We’re attracted to things we find pleasant and averse to things we find painful or unpleasant. So, we’re perfectly fine to inhabit our bodies to enjoy awesome views, delicious food, great sex, and the roar of an appreciative crowd. We’re likely to exit our bodies and the present moment when we feel stressed out, uncomfortable, upset, sad, annoyed. We even exit when the body is in pain – something that you’d think would draw us to the present moment – because we get caught up thinking about the pain and developing narratives about it rather than experiencing it. That rumination causes suffering.

Our culture places a great deal of emphasis on how our bodies look. The US fashion industry is worth hundreds of billions of dollars and provides exemplars of how the most attractive among us should look. Roughly 1.5 million cosmetic surgical procedures are performed annually. The diet and weight loss industry tops $70 billion. If thinking about the body brings up harsh criticism and dissatisfaction, it’s not likely that it will be a comfortable place to inhabit.

And though I marvel at what modern medicine can do – I really do – I think it encourages a view of the body as a machine to be manipulated, controlled, and fixed if broken. It becomes a thing and not a source of being.

The practice of mindfulness of the body entails learning how to increase the range of sensations to which we are able to direct attention and cultivating the ability to name and tap into those sensations at will.

In everyday, mindfulness of the body can be nothing more than a quick check-in. Right now, I notice tension in my back and shoulders. I can take a couple of deep breaths while dropping my shoulders and pausing to relax. In a few minutes, I’ll head to the kitchen for a meal. Rather than mindlessly shoving food in my mouth on the run, I can pay attention to the sights, smells, and taste of what I’m eating and savor the experience.

So, the question becomes – how do we learn to reconnect with our bodies in a way that is helpful and supportive? And how do we do so in a way that is gentle and with interest?
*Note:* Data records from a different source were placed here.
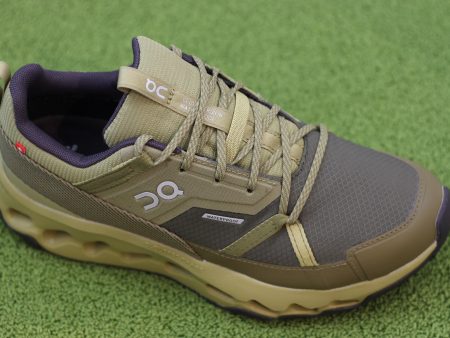 Womens  Cloudhorizon WP Sneaker - Safari Olive Online Sale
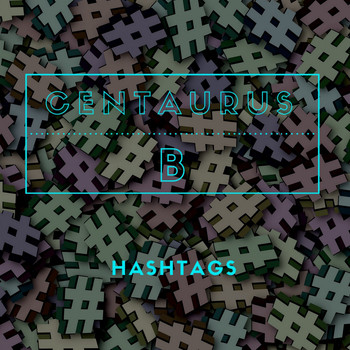 Centaurus B - Hashtags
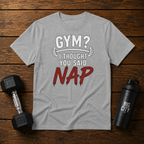 Gym I Thought You Said Nap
One of my favorite meditations is a mindful body scan. It normally begins by lying down in a comfortable position on the back with arms extended outward at a 45° angle and the legs splayed, using a pillow for support as needed. After spending a few moments connecting to the breath, the practitioner starts at the bottom and works up (or the top of head and working down) and focuses on one body part at a time to notice sensations (or an absence of sensation). Questions to explore in the process include:

  • What’s happening within me?
  • What’s is like right now?
  • Can I let it be?
  • And, can I be with it?

Beyond engendering familiarity with the body, it can be useful as a relaxation technique to relieve stress and anxiety or to prepare the mind and body for sleep. When I have trouble coming into presence during a routine sitting meditation, I often use a body scan to give myself a way to focus my attention. Whether I connect with sensations or not, it generally confers some benefit.